Deux ou trois mois plus tard, Abdoul Kader Kane, Almamy du Fouta-Toro qui avait entreprit une guerre sainte, vint faire une croisade dans le Cayor en annonçant partout que tous les «Tiedos» allaient disparaître du pays. Le Damel-Teigne Amary Ngoné Ndella Coumba réunit ses forces du Cayor et du Baol et vint attendre son ennemi à Bounkhoye; la bataille fut sanglante, les Toucouleurs presque tous tués et Abdoul Kader Kane, l’ Almamy du Fouta fait prisonnier, puis renvoyé dans le Fouta-Toro avec un beau cheval en cadeau et deux de ses captifs pour l’accompagné.
Le Damel-Teigne Amary Ngoné Ndella Coumba de retour à Bardiale, sa capitale, exila son neveu Birahima Fatma Thioub dans le Saloum. Après quelques mois celui-ci réunit ses partisans et vint à Ndiob (Baol), où il trouva son oncle le Damel-Teigne Amary Ngoné Ndella Coumba, qui fut vaincu, mais les Diambours refusèrent de le nommer Damel-Teigne.
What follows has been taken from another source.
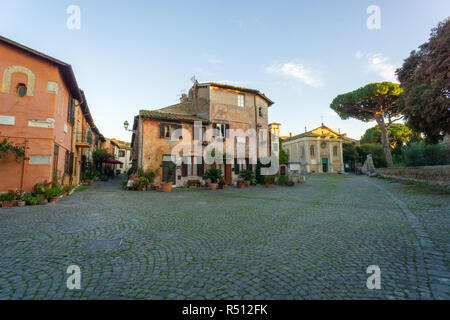 Ostia Antica in Rom, Italien. Das mittelalterliche Dorf oder Borgo in der Nähe der Ausgrabungen von Ostia alte Hafen des Römischen Reiches. Stockfoto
En août 1793, à la suite d'une demande du capitaine Bourgneuf, envoyé en France par François-Michel-Emilie Blanchot de Verly, pour exposer la détresse des possessions et la nécessité de renforcer de 200 artilleurs, la garnison réduite à 84 hommes, le Ministre de la Marine, Jean Dalbarade s'aperçut qu'un bateau Le Henri, armé depuis 18 mois à Pauillac pour aller ravitailler la côte d'Afrique, n'était pas parti.Il le fit recharger et donna l'ordre de son départ qui semble n'avoir jamais été exécuté.

En 1794 à Bourghoye, Abdoul Kader Kane (Toucouleurs de caste Torodo), Almany du Fouta-Toro, subit une défaite contre le Damel-Teigne du Cayor et du Baol Amary Ngoné Ndella Coumba et le Brak du Waalo Ndiak Coumba Khouriyaye Mbodj, les souverains «Tiedos» de royaumes très peu islamisés. Son échec fut tel qu'il perdît toute crédibilité auprès du peuple du Fouta-Toro pendant un moment.